En la medida en que este misterio se revela a los ojos de la fe de los otros hombres, la Iglesia entera ve en la Santa Familia una particular expresión de la cercanía de Dios y al mismo tiempo un signo particular de elevación de toda familia humana, de su dignidad, según el proyecto del Creador.

Esta dignidad se confirma de nuevo con el sacramento del matrimonio, con ese sacramento que es grande -como dice San Pablo- “en Cristo y en la Iglesia” (cfr. Ef 5,32).

Orientando los ojos de nuestra fe hacia la Santa Familia, la liturgia de este domingo trata de poner de relieve lo que es decisivo para la santidad y la dignidad de la familia. Hablan de ello todas las lecturas: tanto el libro del Sirácida como la Carta de San Pablo a los Colosenses, como, finalmente, el Evangelio según Lucas.

En el Salmo responsorial se pone de relieve la singular presencia de Dios en la familia, en la comunión matrimonial del marido y de la mujer, en la comunión que lleva al amor y a la vida. Dios está presente en esta comunión como Creador y Padre, dador de la vida humana y de la vida sobrenatural, de la vida divina. De su bendición participan los cónyuges, los hijos, su trabajo, sus alegrías, sus preocupaciones.

“Dichoso el que teme al Señor... serás dichoso, te irá bien... tu mujer, como parra fecunda... tus hijos, como renuevos de olivo... que veas la prosperidad de Jerusalén, todos los días de tu vida” (Sal 127/128).

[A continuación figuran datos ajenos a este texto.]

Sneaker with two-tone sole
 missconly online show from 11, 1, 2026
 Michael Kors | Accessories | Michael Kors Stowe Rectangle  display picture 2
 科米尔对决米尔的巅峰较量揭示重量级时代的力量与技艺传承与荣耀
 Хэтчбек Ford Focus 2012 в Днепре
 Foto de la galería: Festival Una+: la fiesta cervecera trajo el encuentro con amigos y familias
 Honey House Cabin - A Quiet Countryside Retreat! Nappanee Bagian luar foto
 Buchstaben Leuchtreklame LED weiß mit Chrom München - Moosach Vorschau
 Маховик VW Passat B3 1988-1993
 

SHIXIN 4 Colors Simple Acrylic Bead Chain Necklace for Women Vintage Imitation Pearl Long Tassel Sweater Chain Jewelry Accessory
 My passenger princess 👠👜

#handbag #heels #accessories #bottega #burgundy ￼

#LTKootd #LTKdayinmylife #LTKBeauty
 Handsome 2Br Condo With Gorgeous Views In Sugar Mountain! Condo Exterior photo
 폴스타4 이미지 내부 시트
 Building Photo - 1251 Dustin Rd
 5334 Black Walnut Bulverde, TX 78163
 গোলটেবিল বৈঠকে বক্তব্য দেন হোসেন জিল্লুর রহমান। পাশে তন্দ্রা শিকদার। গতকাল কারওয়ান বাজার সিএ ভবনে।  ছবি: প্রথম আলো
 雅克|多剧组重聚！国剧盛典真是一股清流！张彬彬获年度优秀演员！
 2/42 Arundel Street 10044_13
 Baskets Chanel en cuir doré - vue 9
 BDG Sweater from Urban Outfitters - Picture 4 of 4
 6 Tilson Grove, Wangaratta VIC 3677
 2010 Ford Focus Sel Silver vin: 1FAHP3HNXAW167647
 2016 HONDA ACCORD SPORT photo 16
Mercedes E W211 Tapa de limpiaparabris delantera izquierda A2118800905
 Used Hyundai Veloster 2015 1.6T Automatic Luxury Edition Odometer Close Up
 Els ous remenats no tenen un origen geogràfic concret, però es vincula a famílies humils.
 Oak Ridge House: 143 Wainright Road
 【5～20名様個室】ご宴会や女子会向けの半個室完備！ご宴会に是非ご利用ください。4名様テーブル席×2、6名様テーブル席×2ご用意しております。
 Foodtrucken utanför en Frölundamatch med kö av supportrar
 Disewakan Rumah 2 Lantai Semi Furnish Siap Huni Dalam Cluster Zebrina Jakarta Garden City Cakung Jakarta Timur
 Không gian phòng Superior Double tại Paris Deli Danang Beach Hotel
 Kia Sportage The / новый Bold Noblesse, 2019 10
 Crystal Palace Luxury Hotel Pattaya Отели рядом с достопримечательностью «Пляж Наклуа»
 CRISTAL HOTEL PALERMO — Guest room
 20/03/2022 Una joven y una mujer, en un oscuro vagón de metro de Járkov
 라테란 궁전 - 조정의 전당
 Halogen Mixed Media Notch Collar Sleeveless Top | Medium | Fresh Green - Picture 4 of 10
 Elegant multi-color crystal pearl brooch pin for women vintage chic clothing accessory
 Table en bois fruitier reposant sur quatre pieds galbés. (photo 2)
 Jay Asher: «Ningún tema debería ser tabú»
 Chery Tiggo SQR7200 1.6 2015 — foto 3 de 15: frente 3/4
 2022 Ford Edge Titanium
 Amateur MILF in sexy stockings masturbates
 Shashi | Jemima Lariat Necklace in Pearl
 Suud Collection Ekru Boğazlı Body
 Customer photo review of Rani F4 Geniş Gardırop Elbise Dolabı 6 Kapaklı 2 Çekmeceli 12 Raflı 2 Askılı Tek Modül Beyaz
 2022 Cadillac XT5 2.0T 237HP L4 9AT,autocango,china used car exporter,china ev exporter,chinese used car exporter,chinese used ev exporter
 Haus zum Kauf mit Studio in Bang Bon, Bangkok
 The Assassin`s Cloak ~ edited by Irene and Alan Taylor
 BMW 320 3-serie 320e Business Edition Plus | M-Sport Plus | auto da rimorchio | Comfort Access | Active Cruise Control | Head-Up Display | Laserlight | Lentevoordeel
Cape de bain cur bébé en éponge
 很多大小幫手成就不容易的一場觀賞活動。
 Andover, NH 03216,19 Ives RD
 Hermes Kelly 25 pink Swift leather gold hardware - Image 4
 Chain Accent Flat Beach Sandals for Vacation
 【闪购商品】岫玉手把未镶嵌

--- Comunidad de vida y de amor

San Pablo, en la Carta a los Colosenses, trata de poner de relieve el clima de la familia cristiana: el clima espiritual, el clima afectivo, el clima moral.

Escribe: “Como pueblo elegido de Dios, pueblo sacro y amado, sea vuestro uniforme: la misericordia entrañable, la bondad, la humildad, la dulzura, la comprensión. Sobrellevaos mutuamente y perdonaos cuando alguno tenga quejas contra otro. El Señor os ha perdonado: haced vosotros lo mismo. Y por encima de todo esto, el amor, que es el ceñidor de la unidad consumada” (Col 3,12-14).

Hay que leer con atención y meditar todo el pasaje de la Carta a los Colosenses, en el que el Apóstol formula los buenos deseos para los cónyuges y las familias cristianas sobre todo aquello que determina el verdadero bien de la comunidad humana, especialmente de aquella que en síntesis se puede llamar “communio personarum”, “íntima comunidad de vida y de amor” (cfr. Gaudium et Spes, 49).

No existe otra comunidad interhumana tan unificante, tan profunda y universal como la familia. Y al mismo tiempo, tan capaz de hacer felices, y tan exigente, porque es muy vulnerable, dado que está expuesta a diversas “heridas”.

Por ello los buenos deseos del Apóstol se refieren a los problemas más esenciales de la familia cuando escribe:

- revestíos de “amor, que es el ceñidor de la unidad consumada...”;

- “la paz de Cristo actúe de árbitro en vuestro corazón...”;

- “la palabra de Cristo habite entre vosotros en toda su riqueza”.

Así se forma la familia humana en toda su dignidad y nobleza, en su entera belleza espiritual (que es incomparablemente más importante que todas las riquezas “reales” y materiales), ¡por la Palabra de Dios!, ¡por la palabra de Cristo!

En esta Palabra se encierran las indicaciones y los mandamientos que determinan la solidez moral de aquella fundamental comunidad humana, de aquella “communio personarum”.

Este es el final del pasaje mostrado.